Home » Militer Indonesia » Panglima TNI Ingatkan Filipina Soal Sandera WNI

Panglima TNI Ingatkan Filipina Soal Sandera WNI

Jakarta – Operasi militer pembebasan sandera yang ditawan kelompok Abu Sayyaf hingga kini masih terkendala persoalan izin dari Filipina. Panglima TNI Jenderal Gatot Nurmantyo mengatakan, Indonesia memang tidak bisa mendesak Filipina untuk segera mengizinkan TNI AL memasuki wilayah mereka.

Namun, jika izin tak juga diberikan, ujar Jenderal Gatot, Indonesia bisa saja menyetop pasokan batu bara untuk Filipina. Jika itu terjadi, dipastikan negara Filipina akan gelap gulita karena 96 persen batu bara yang menjadi bahan utama pembangkit listrik Filipina berasal dari Indonesia.
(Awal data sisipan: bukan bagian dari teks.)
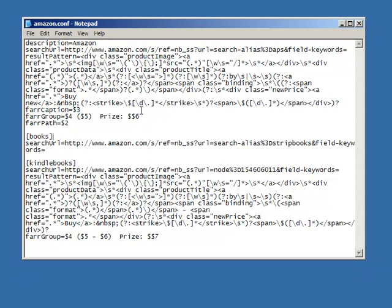And you can see it's using regular expressions to actually get the price, to get the caption, tells it how to retrieve information from the web search results.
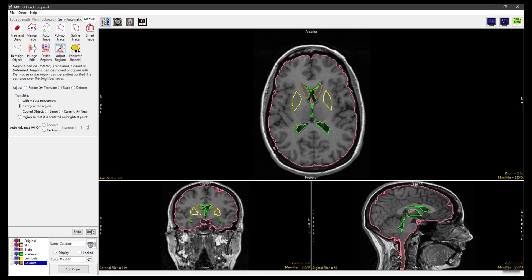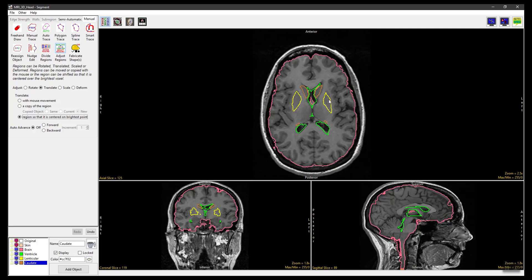The Translate Adjust method also allows you to translate the region so that it is centered on the brightest point. With this option, the tool calculates the brightest pixel in the object and sets that as the center of the object, translating the object appropriately. Set the Translate method to center on the brightest point, then click in an object. The region will instantly be re-centered around the brightest point in the object.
“Kalau kita moratorium pengiriman batu bara, tidak ada dong barangnya di sana,” ujar Panglima di Istana Negara, Senin (11/7/2016).

Tiga episode penyanderaan WNI sebelumnya selalu terjadi di kapal pengangkut batu bara milik Indonesia. Kapal dibajak dan ABK-nya disandera. Pemerintah saat ini telah melarang kapal melintasi jalur yang biasa dikuasai oleh kelompok Abu Sayyaf. Kapal diarahkan melalui rute lain yang lebih aman.

Jenderal Gatot mengingatkan para pemilik kapal untuk mematuhi aturan tersebut sehingga tidak ada lagi pembajakan dan penyanderaan. “Sekarang publik ikut mengontrol, jangan sampai ada kapal yang lolos ke sana supaya Filipina beri izin. Mereka kan perlu juga, agar semua sama-sama enak lah,” ujar Panglima TNI Jenderal Gatot Nurmantyo.